Scouting taught me many things, including how to use your initiative, discipline and how to take orders (that took a while) and how to lead, take control and give orders (that came easy) but most importantly, it taught life-skills and how to survive during times of crisis.
There were plenty of times, mainly in Senior Scouts when we were “dumped” out in the bush with little more than a two-man tent, sleeping bag, a water bottle, a few matches, limited food supplies, a compass and told to survive for the weekend and make it to a certain point by a certain time in the next two days.
Then you had to produce a map highlighting your route, using compass bearings and exact distances travelled.
It brought the best out of you and when you arrived at the destination you knew you had achieved something special but not only that, the bonding which existed with your scouting partner for the journey (who was Darryl “Sid” Hosking) became something which lasted a lifetime.
No-one could take that away from you.
The same applied when we had to trek two days through the GawlerAdelaide gorge to complete our proficiency badge to qualify to be a Queen’s Scout.
Using one’s initiative does not seem like much but it was often used by scout masters to push you into situations where you had to make decisions under pressure to allow you to complete assignments.
In the early 1960s I was Patrol Leader at a long weekend camp in the bush between Dingley Dell and Clarke’s Park and each patrol competed in various challenges for points.
By Monday morning my patrol was a clear leader but the final assignment would be worth double points, meaning the second placed patrol could take out the “Camp Champ” title if it won.
Scouts were taken to the Woolwash at Port MacDonnell and told to make their way back to the camp site, a distance of about 10km, any way they chose.

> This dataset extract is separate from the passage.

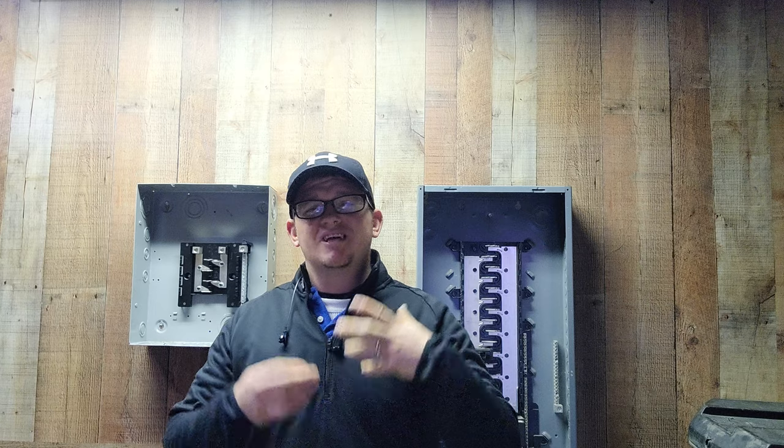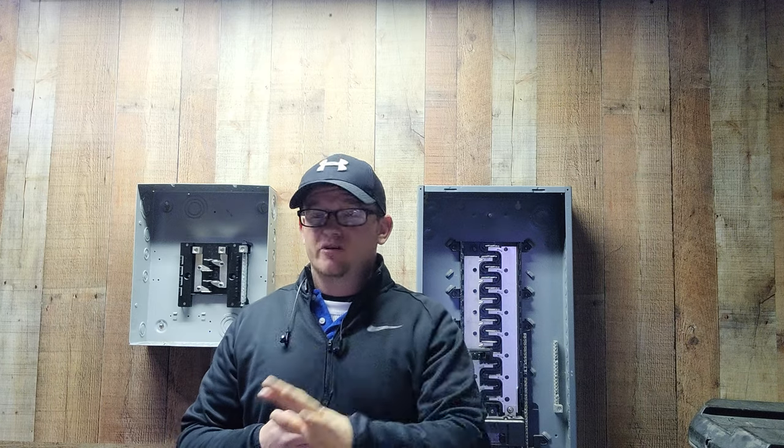So here's the score today guys. We're going to talk about one of your guys' requests — asked me to talk about the two different ways that you can wire bathroom receptacles.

It was even suggested they could “borrow” a bike if they so desired.
The first person home would win the challenge.
I used my initiative and took a huge gamble.
Assistant scout master Les Burcezky had a Volkswagen and with scout master Colin Bodey they planned to drive back to the camp and await the first arrival.

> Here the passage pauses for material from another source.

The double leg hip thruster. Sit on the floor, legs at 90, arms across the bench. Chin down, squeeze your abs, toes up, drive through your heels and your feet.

The car was parked nearby and as other scouts headed off I slid into the VW and hid on the floor between the back and front seats and pulled a blanket over me.
The two scout masters had no idea I was lying in the back and when they arrived I jumped out and claimed victory.
At first I did not really expect to pull it off, but with initiative and a little luck it worked.
Scouts also taught me life skills in how to cook, wash, iron and be self-sufficient which proved more than handy much later when bringing up my son after gaining primary custody.
Those life skills proved a life-saver and with him living with me during school week days, together we had a lot of fun preparing meals and doing household chores.
It is difficult making household chores “fun” for an eight-year-old but the good thing was he learnt those skills so he could use them in later life.
The great pity today is that scouting is not seen as popular as it once was and many of today’s younger generation parents show little desire in encouraging their children to take it up.
One of the things highlighted in the published research on scouting was that in almost all cases, scouting provided self-confidence and the emotional capacity to help cope during difficult times.
Significantly, the research said that those in scouting were more likely to have a healthier mental state – 62pc versus 49pc for other children and they also held out more hope for a positive future – 79pc compared with 69pc for non-Scouts.
It also stated that on every measure, children participating in scout activities performed better than their peers.
Those in Scouts were also more likely to give their time to help others in society, trusted others more and get this – 76pc versus 69pc were likely to enjoy school more (that did not apply to me!) And Scouts were more likely to know they could solve a problem when others wanted to quit.
Yep, I agree with all that because I have seen it all my life and I know what Scouting gave me and still gives today.
“Be Prepared” is the Scout’s motto and by being prepared, so many of today’s problems are more easily solved.